If you've even wanted Conor Oberst to pick up Badly Drawn Boy’s back catalogue and think “man, I want my next album to sound just like that” then it's probably in your interests to just stop reading this review and go and buy Valaska’s sophomore release Natural Habitat because that, in a nutshell, is what Chicago native Dave Valdez has done here. His gift is an ability to draw a whimsicality from his guitar that leaves the listener feeling both warm and melancholic.

Opening track ‘On The Surface,’ could come from a Bright Eyes album (I’m Wide Awake It’s Morning being a clear influence), a single acoustic guitar picking a folk melody while Valdez’s multi-tracked vocal adds a real depth. As opening lines go, “Well I survived the great rapture, I got stuck here in the after life, floating along the dead sea,” sets the stall of the album out fairly well.
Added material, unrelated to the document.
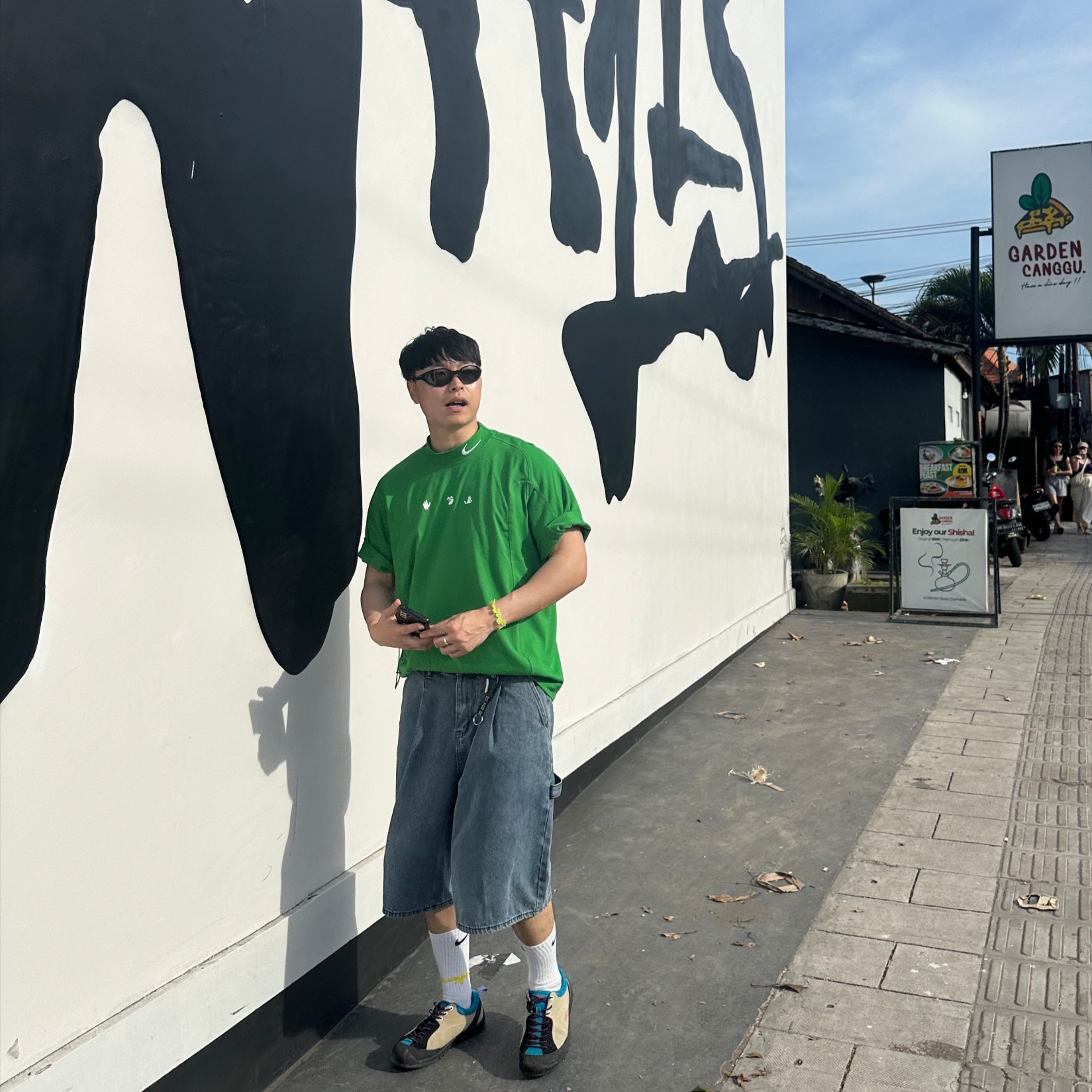 Nike x Off-White Mock Neck Short Sleeve Top Kelly Green - Asia, Nike Everyday Cushioned Training Crew Socks White (3 Pack/Korean Ver.) 착용 스타일 - 1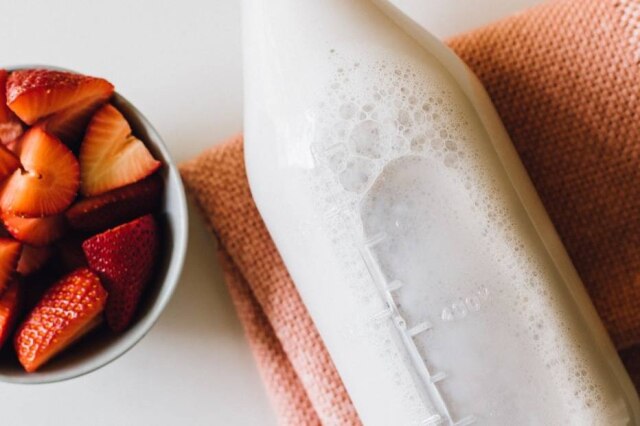 Unsplash/@adrienneleonard Após a produção do kefir, os grãos podem ser reaproveitados e cultivados novamente.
Even the cover - of a sleeping, and slightly sad but contended looking dog, seems to fit perfectly.

‘Spanish Needles’ introduces electric guitars and a faster tempo really picks the pace up before ‘Hammer and Nails’ brings it back down again. It’s a beautiful song, Valdez’s guitar back by a rudimentary drum beat. “I’m a drifter in my own mind and truth be told I don’t give a damn,” starts the memorable chorus. Backed by a brass section that adds extra depth to the crisp production (Copeland's Aaron Marsh on duty there and treating Valdez’s fragile work with great care).

The melodies are rich throughout and lyrically, there’s an affinity with Elliot Smith - it’s hugely introspective, as if Valdez is examining every aspect of his character.

 

 

Some tracks are slightly more experimental, the electronic melody that launches ‘Golden Age’ combining with woodwind and a ukulele during the chorus to great effect. The track, which was released as a single, is a highlight - the poetic lyrics of wanting to be somewhere else is something any listener can relate to, and that’s one of Valdez’s great skills, this ability to draw out emotion like a poultice. It’s impossible to listen to it without becoming reflective. “The seasons came and want, the breeze it headed west to see what you’ve become from a safe distance.”

The album continues in the same style throughout, every other track more stripped back, providing a good contract of styles.

Soaring strings on the title track exemplify the power that can be wrought from a song with the right sound in the right place. It’s another Oberst-influenced track. It’s poignant, uplifting and just a little heartbreaking - an encapsulation of the entire album then.